XTech 2005: XML, the Web and beyond.

Model Driven Compound Document Development

Discuss this paper on the XTech wiki
View XML source for this paper

Keywords

Abstract

Model Driven Compound Document Development

Building tooling for the creation of mixed namespace documents can be daunting, and the result is often inflexible with respect to keeping up with changes in schemas and changes in supporting browser and renderer user agents. One solution is an open standards-based approach leveraging the Eclipse Modeling Framework (EMF) and underlying ECore models for representing functional schemas (such as XHTML, XForms, VoiceXML, MathML, SVG, SMIL, etc.) and the connections between these functional schemas. These models can be leveraged to provide a dynamic environment for automated serialization of instance documents that adhere to the combined functional schema definitions while providing a directed editing experience.

Compound Documents

The World Wide Web Consortium (W3C) has started a Compound Document Formats (CDF) Working Group that grew out of a Web Applications and Compound Documents Workshop to explore issues around standardization for compound documents and specification of the behavior of some format combinations, addressing the needs for an extensible and interoperable Web.

The CDF Working Group is focused on the combinations of specific namespace vocabularies which will become CDF profiles, such as a rich media profile for mobile devices, which might include Extensible Hyper Text Markup Language (XHTML) and Scalable Vector Graphics (SVG) Tiny. Other examples include combinations like XHTML and XForms, or XHTML and a subset of VoiceXML using the X+V profile.

Compound Documents Defined

A namespace uniquely identifies a set of names so that there is no ambiguity when objects having different origins but the same names are mixed together. An XML namespace is a collection of element type and attribute names. These element types and attribute names are uniquely identified by the name of the unique XML namespace of which they are a part. In an XML document, any element type or attribute name can thus have a two-part name consisting of the namespace name and the element or attribute name.

A compound document by inclusion combines XML markup from several namespaces into a single physical document. A number of standards exist, and continue to be developed, that are descriptions of XML markup within a single namespace. XHTML, XForms, VoiceXML, and MathML are some of the prominent examples of such standards, each having its own namespace. Each of these specifications focuses on one aspect of rich-content development. For example, XForms focuses on data collection and submission, VoiceXML on speech, and MathML on the display of mathematical notations.

To authors of content, each of these many standards is useful and important. However, it is the combination of elements of any number of these standards that lends true flexibility and power to rich document creation. A document may exist to be displayed within a web browser, to display an input form, with a scalable graphic and a bit of mathematical notation, all on the same page. XHTML, XForms, SVG, and MathML, respectively, serve these needs, and could therefore be combined into a single multi-namespace document.

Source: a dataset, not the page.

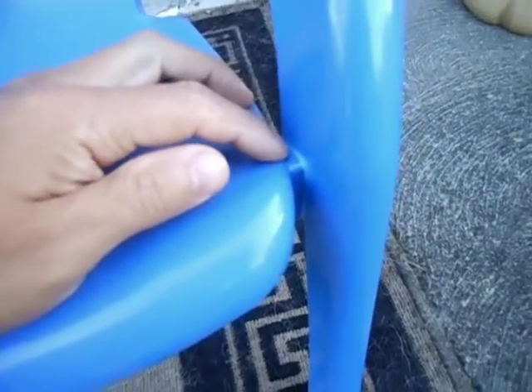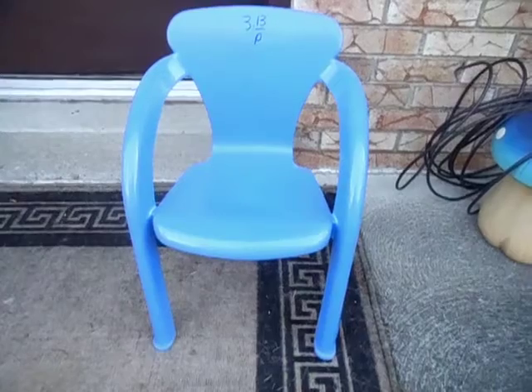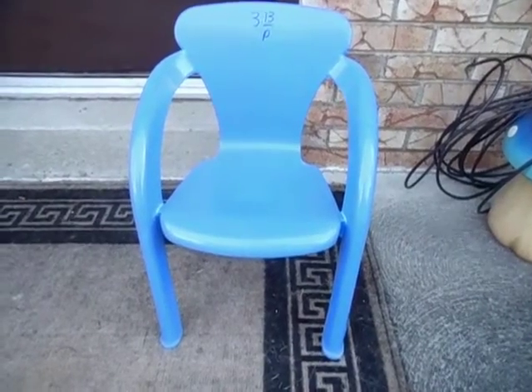This is your classic tubular front leg chair wear and tear. Thanks for watching. Please subscribe and I hope you enjoyed this video.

Consider this simple example, a compound document combining XHTML and MathML. The namespace declarations are marked by an appended comment to match the numbered namespaces listed below in the XML source in Example 1.

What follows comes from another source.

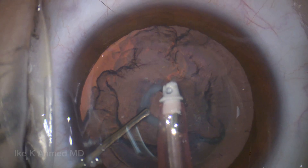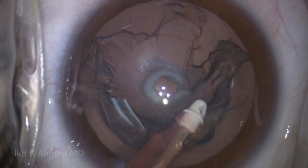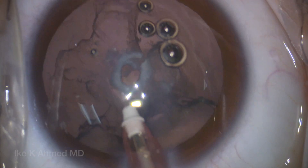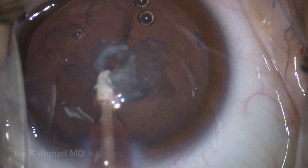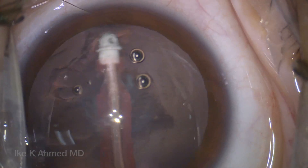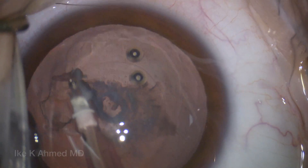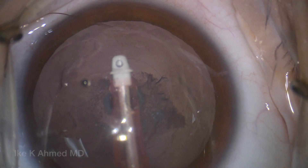We're going to re-inject some dispersive viscoelastic here. We do have concerns centrally that we perhaps have a deficient posterior capsule. Certainly the anterior hyaloid dots likely increase the likelihood of that being the case. We continue along with the epinucleus removal, and at the end we remove the central posterior opacity. In this case we really have a high suspicion that the posterior capsule is deficient — you can see some of that material sitting behind that opening, which increases our suspicion.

1. XHTML Namespace declaration. The namespace for XHTML 1.0 is declared. Each XHTML element in the example below is qualified with the xhtml: namespace prefix.

2. MathML Namespace declaration. The namespace for MathML 2.0 is declared. Each MathML element in the example below is qualified with the mathml: prefix.

 

Example 1: A Simple Compound Document
 
<?xml version="1.0" encoding="iso-8859-1"?>
<xhtml:html xmlns:xhtml="http://www.w3.org/1999/xhtml"><!-- 1 -->
  <xhtml:body>
   
 <xhtml:h1>A Compound document</xhtml:h1>
   
 <xhtml:p>A simple formula using MathML in XHTML.</xhtml:p>
   
 <mathml:math xmlns:mathml="http://www.w3.org/1998/Math/MathML"><!-- 2 -->
    
  <mathml:mrow>
      
  <mathml:msqrt>
        
  <mathml:mn>49</mathml:mn>
      
  </mathml:msqrt>
      
  <mathml:mo>=</mathml:mo>
      
  <mathml:mn>7</mathml:mn>
    
  </mathml:mrow>
  
  </mathml:math>
  </xhtml:body>
</xhtml:html>
 
Figure 1: Rendered Simple Compound Document

Compound documents may be composed of a single document that contains multiple namespaces, as seen in Example 1. This is a Compound Document “by Inclusion” (CDI). However, a compound document may also be composed over several documents in which one document of a particular namespace references another separate document of a different namespace.

For example, a root or top-most document might contain XHTML content for defining and formatting a page. This parent XHTML document can reference another document, , of another namespace, through the use of the XHTML <object> tag. This can be repeated for as many documents as needed. The root document plus this collection of separate, referenced documents is considered a Compound Document “by Reference” (CDR). See Figure 2 for a simple CDR document in which an XHTML root document contains a reference to a separate SVG child document having markup for three colored circles.

Figure 2: Compound Document by Reference

 

And of course, a compound document may be a hybrid of both compound document by inclusion and compound document by reference.

 

Model Driven Development

Model Driven Development (MDD) is an approach, and set of techniques, for developing better software faster. The Object Management Group (OMG) has labeled this notion of MDD as Model Driven Architecture (MDA) and has a set of standards to assist in MDD. The process begins by defining business logic early in the requirements phases of software development. This business logic would be modeled, perhaps in the Unified Modeling Language (UML), based upon the abstraction of the business logic. The resulting model(s) would then be the basis for generating code to produce an implementation.

Reasons for MDD:

Models can be represented in many forms such as Unified Modeling Language, XML Model Interchange, Essential Meta Object Facility, and XML Schema.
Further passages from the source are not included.